The ground-nut, or wild bean, is a very handsome climber, and peculiar in appearance. The clusters of waxy flowers are rich brown and white, growing very thick, and having the scent of violets. The tubers are often eaten.

The wild kidney-bean is found in copses and along road-sides from Connecticut to Illinois. It climbs high from a perennial root, with clusters of small bright purple flowers.

In rich woodlands in the Middle States and west the pea-nut is very interesting to young searchers. The plant bears two kinds of flowers, the upper ones ripening no fruit, but the lower or under-ground ones bearing the well-known pea-nuts.

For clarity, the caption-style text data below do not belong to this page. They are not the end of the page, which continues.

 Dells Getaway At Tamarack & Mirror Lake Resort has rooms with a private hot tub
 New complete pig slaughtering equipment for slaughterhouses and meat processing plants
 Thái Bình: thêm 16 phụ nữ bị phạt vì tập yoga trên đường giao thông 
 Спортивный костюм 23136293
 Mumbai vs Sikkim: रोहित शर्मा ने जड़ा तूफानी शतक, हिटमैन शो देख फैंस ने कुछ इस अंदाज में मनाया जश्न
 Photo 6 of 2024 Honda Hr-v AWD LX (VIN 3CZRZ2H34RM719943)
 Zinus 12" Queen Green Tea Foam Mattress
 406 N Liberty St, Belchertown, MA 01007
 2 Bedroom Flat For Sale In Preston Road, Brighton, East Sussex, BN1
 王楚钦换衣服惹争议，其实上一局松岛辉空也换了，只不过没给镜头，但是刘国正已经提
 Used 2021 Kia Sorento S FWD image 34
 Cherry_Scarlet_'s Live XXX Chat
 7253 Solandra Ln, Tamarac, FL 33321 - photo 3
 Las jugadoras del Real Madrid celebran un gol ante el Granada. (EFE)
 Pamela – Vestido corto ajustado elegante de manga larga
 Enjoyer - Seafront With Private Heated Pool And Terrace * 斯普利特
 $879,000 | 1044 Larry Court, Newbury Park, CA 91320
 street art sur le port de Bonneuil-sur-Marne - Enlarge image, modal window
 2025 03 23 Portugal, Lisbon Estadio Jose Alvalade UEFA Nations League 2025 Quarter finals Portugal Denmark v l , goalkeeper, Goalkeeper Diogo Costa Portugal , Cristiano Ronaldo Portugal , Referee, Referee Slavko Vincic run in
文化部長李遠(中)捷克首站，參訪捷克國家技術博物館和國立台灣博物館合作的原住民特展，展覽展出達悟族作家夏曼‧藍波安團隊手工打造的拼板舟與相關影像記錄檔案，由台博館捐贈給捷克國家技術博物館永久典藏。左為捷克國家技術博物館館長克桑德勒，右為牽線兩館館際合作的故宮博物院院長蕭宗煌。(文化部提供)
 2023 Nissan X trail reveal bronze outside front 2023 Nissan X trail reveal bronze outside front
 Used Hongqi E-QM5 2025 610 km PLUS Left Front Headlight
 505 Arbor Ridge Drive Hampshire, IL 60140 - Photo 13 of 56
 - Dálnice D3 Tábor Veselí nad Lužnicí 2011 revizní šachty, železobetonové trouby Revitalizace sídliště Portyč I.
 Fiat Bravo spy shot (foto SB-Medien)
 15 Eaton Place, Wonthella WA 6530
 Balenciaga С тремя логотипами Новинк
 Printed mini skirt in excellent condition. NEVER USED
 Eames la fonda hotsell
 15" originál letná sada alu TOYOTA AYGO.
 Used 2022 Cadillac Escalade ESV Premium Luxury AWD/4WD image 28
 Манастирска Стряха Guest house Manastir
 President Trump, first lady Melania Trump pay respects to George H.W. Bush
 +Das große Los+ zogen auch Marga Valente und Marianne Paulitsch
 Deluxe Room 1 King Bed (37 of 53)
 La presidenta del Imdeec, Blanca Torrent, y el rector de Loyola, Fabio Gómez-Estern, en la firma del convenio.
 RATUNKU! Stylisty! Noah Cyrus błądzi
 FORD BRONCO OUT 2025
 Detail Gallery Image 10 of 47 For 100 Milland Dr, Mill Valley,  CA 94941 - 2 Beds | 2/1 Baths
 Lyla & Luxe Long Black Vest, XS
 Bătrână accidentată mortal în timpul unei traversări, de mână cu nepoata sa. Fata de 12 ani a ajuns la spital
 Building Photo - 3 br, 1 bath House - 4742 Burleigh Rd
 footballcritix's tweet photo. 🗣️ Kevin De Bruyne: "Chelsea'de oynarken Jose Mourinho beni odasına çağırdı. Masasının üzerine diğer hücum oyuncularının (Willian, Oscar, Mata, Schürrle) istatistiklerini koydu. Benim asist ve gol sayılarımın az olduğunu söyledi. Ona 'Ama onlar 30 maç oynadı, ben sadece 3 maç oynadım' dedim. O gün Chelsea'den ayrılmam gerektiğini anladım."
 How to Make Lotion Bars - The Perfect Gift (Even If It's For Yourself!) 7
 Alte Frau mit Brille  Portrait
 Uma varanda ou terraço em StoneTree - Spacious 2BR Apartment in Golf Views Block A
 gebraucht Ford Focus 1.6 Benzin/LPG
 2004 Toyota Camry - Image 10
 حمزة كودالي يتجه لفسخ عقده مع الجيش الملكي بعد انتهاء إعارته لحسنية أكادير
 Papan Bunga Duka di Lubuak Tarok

Try to find a remarkable plant belonging to the convolvulus family, the wild-potato vine, or "man of the earth." It is not very easily overlooked. Several stems spring from the same root, growing and twining seven or eight feet high. The leaves are large, and of various shapes—heart-shaped, pointed, and fiddle-shaped. Three or four large blossoms, several inches broad, grow in clusters; the flowers are white, with purple in the tube. This remarkable vine is found in sandy fields and by road-sides from Connecticut to Illinois and south.

A large plant grows by the end of an old country bridge near Canaan, Connecticut. The stems are long and stout, and grow from a huge root that weighs fifteen or twenty pounds.

The beautiful August lilies make the fields and meadows gay; the stately pale yellow lily spotted with brown or purple, the darker yellow, and the fiery red lily, contrasted with the white spiranthes, or ladies-tresses.

Now the radiant heads of countless composite flowers are highest and most showy, and a walk or drive along any country road reveals such masses of color as to arrest and enchant the most unobservant eye.

On one woodland road at Orange, New Jersey, the shades of asters, from the deepest violet-blue and purple to the palest lilac, are bewilderingly beautiful, while the splendid varieties of liatris, or button snakeroot, the rose-purple and white ox-eyed daisies and white asters, golden-rod, and the great open-eyed corn-flowers, or rudbeckias, are certainly beyond description.

Try to find the elegant golden asters, which are more rare. At Cape Cod, Massachusetts, at Nantucket, and on the pine barrens of New Jersey, they may be found.